Nevertheless, for at least six years Woodland Sunflower came up and bloomed reliably. Until this year, when just a few stems came up, so that the Woodland Sunflower bed looks like this.

Woodland Sunflowers
The bed formerly occupied by Woodland Sunflowers.

There are some weeds and an invasive shrub honeysuckle trying to establish themselves, and that’s about it.

What happened? Might have been last year’s drought, because this spot got virtually no supplemental watering. Also, sunflowers are allopathic (that is, they use chemicals to inhibit the growth of other plants), and I have heard the theory that over time they will actually poison themselves if kept in the same space.

In any case, the real question is: what am I going to plant in this little bed now? I’d like to grow some compact shrubs like Itea virginica ‘Little Henry’. However, Judy is likely to veto any shrub. If I plant perennials, I want it to be something that does not require staking or cutting back. Maybe Bleeding Heart (Lamprocampnos spectabilis) with some ferns? Epimediums?

It’s a spot with dappled shade, can get kind of dry in a hot summer but also gets lots of water in spring because of how the garden drains.

Anybody have any suggestions? Also, what am I going to put in this spot during the summer if I don’t plant anything permanent before fall? Maybe wood chips with some containers? Also, has anybody had a different experience with Woodland Sunflower?

26 Comments on “Farewell, Woodland Sunflower

  1. Hmmm…it’s been a long time since I had to wonder what grows in the shade. Most everything in Albuquerque needs to handle full sun. I’m not a good candidate for suggestions, but I look forward to seeing what you choose!

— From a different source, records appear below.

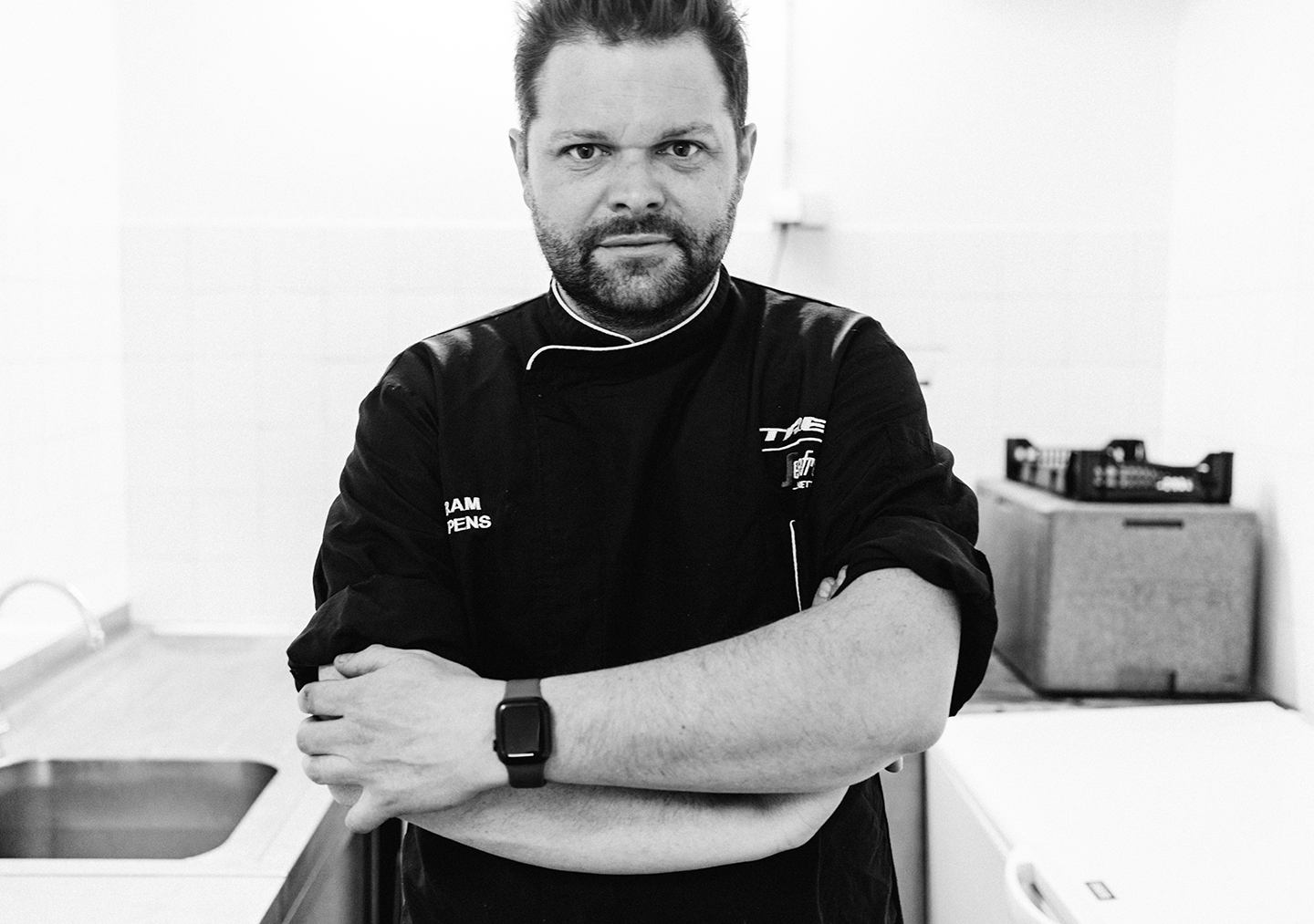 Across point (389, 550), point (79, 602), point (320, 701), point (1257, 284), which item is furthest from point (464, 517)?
point (1257, 284)

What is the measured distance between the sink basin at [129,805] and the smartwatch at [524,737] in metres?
0.98

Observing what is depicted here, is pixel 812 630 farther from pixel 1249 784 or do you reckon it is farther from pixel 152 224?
pixel 152 224

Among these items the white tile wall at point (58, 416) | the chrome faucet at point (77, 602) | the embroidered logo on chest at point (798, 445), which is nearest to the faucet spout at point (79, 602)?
the chrome faucet at point (77, 602)

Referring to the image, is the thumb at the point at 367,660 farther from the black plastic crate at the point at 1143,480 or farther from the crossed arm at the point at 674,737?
the black plastic crate at the point at 1143,480

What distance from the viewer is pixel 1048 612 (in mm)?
2018

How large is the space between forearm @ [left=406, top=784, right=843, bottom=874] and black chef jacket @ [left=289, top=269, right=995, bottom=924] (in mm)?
83

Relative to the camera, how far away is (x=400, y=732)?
0.94m

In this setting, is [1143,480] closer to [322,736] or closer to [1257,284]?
Result: [1257,284]

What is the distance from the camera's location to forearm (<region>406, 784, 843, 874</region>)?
94cm

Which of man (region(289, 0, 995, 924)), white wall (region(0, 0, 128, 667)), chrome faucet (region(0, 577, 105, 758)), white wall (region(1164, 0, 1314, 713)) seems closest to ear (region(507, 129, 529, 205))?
man (region(289, 0, 995, 924))

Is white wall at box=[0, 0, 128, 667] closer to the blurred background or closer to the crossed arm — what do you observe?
the blurred background

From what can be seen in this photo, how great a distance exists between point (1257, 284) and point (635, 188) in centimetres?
154

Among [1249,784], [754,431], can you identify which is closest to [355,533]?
[754,431]

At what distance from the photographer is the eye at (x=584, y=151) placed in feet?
3.42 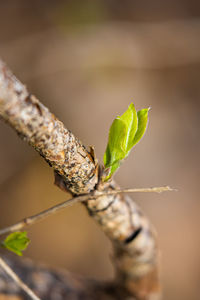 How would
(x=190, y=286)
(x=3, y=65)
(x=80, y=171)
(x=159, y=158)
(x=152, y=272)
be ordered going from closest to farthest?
(x=3, y=65), (x=80, y=171), (x=152, y=272), (x=190, y=286), (x=159, y=158)

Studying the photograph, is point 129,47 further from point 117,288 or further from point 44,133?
point 44,133

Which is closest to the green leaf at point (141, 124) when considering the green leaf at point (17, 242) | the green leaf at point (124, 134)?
the green leaf at point (124, 134)

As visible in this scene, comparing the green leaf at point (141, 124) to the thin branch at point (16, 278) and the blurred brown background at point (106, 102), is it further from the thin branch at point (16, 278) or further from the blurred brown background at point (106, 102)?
the blurred brown background at point (106, 102)

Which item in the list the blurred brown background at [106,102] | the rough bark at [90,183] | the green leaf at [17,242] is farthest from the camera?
the blurred brown background at [106,102]

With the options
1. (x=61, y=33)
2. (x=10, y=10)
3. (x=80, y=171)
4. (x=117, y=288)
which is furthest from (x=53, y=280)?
(x=10, y=10)

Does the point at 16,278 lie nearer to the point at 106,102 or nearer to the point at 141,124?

  2. Jason, I have no experience with Woodland Sunflowers, sorry. But I think you might plant there some hostas, dicentra, Dasiphora or others that do not require much care.
    Have a nice week!

  3. Why don’t you try heucheras? They love shade, there are some phenomenal colour combinations, they flower, grow low and spread and seem to be able to handle a variety of conditions.

  4. That’s interesting about the chemicals in sunflowers. How exciting to have a whole bed to plant! How about Astilbe, or Astrantias. Both fairly compact and like dappled shade. Ferns sound nice too.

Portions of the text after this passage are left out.